REQUIRED WORK – Locate the line that contains "HCCTG A4 Paper" in the entries below, then repeat it and every following line through the line that contains "画像8: THE GOOD 1ST DENIM JACKET BLACK", exactly, and no others.

DATASET RECORDS –
▼▼▼

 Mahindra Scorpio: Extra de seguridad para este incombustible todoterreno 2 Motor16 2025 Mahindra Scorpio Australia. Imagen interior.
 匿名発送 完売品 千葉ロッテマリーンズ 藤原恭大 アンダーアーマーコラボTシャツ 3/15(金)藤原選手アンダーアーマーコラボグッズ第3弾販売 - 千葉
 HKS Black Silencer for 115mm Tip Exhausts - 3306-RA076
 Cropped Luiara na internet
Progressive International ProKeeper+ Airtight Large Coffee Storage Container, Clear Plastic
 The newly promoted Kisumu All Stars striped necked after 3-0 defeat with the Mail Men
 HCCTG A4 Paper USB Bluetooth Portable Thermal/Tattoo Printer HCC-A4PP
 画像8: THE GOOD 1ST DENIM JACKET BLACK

▲▲▲
▼▼▼

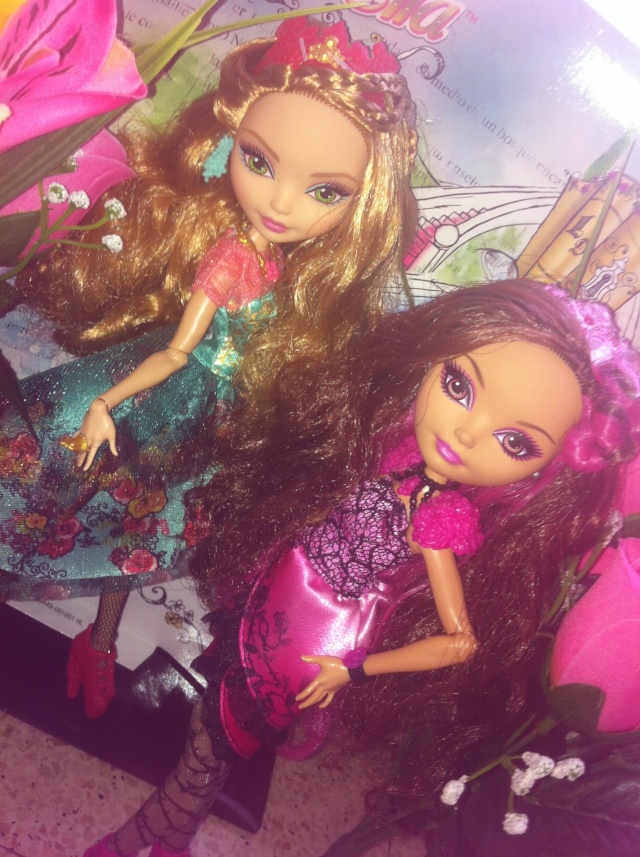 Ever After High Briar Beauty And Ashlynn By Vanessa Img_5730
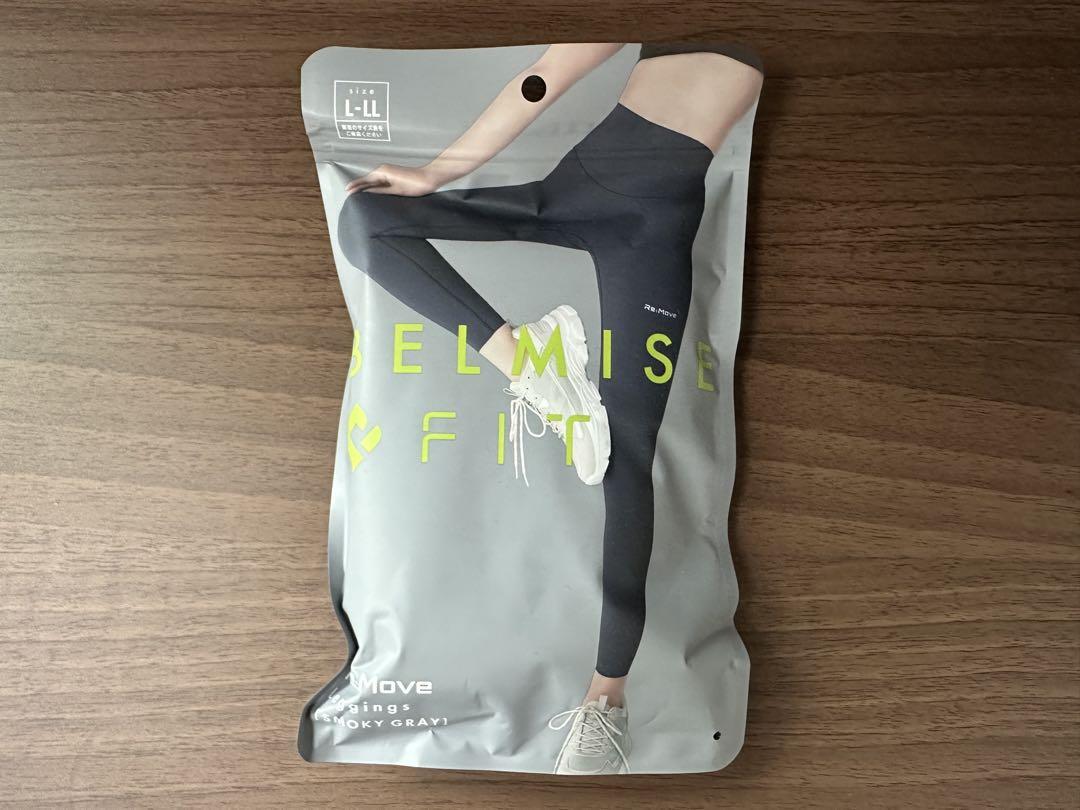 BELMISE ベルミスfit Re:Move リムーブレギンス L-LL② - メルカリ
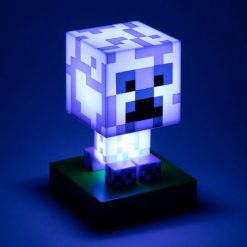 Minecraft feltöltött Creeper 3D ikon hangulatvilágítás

▲▲▲

REPLY –
 HCCTG A4 Paper USB Bluetooth Portable Thermal/Tattoo Printer HCC-A4PP
 画像8: THE GOOD 1ST DENIM JACKET BLACK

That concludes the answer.